_Instructions for the task_.
Quote word for word from the line holding "Framed Print : USA, Oregon, Shore" to the last line below, including both, and omit any pictures.

_The data_.

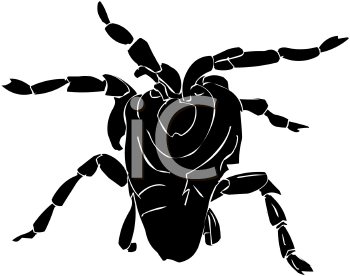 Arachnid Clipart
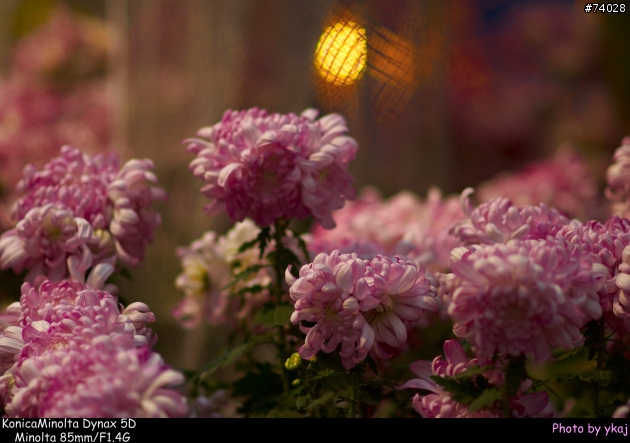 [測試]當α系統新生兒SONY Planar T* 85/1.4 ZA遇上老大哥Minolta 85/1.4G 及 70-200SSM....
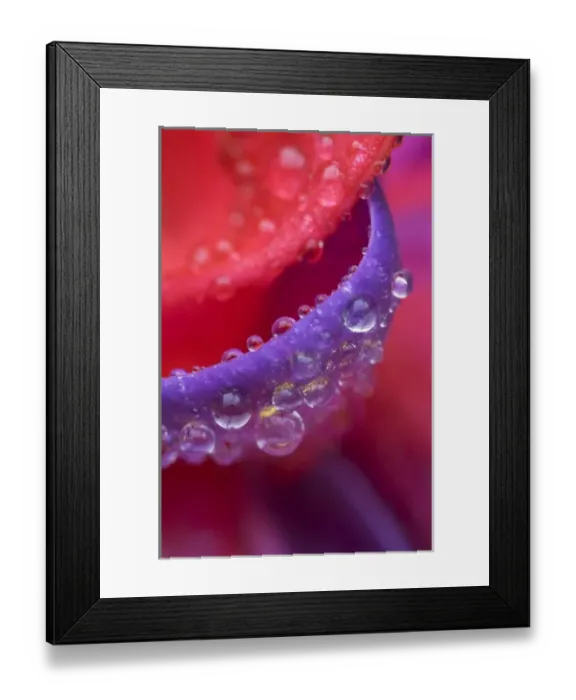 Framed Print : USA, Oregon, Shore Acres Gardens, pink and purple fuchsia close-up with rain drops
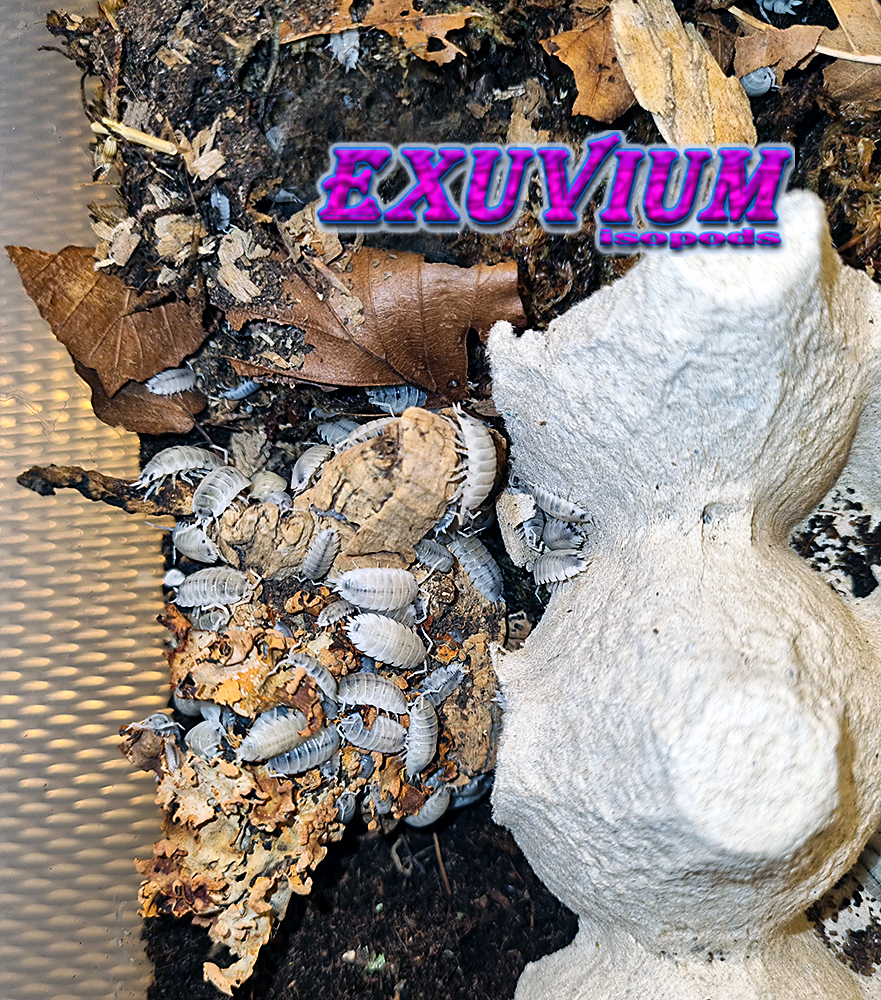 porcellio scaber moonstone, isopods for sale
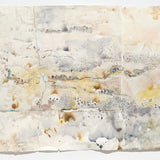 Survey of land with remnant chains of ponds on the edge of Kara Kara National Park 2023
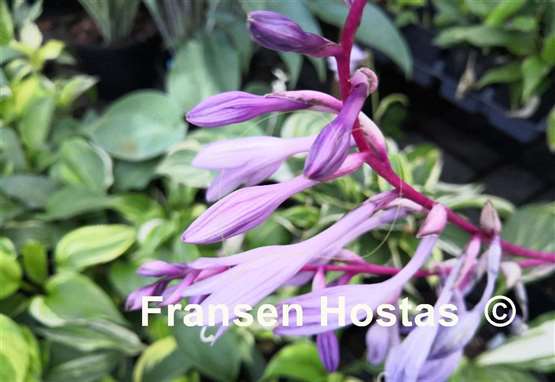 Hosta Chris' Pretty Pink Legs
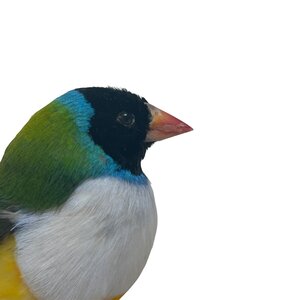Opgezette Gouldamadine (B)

_Your solution_.
 Framed Print : USA, Oregon, Shore Acres Gardens, pink and purple fuchsia close-up with rain drops
 porcellio scaber moonstone, isopods for sale
 Survey of land with remnant chains of ponds on the edge of Kara Kara National Park 2023
 Hosta Chris' Pretty Pink Legs
Opgezette Gouldamadine (B)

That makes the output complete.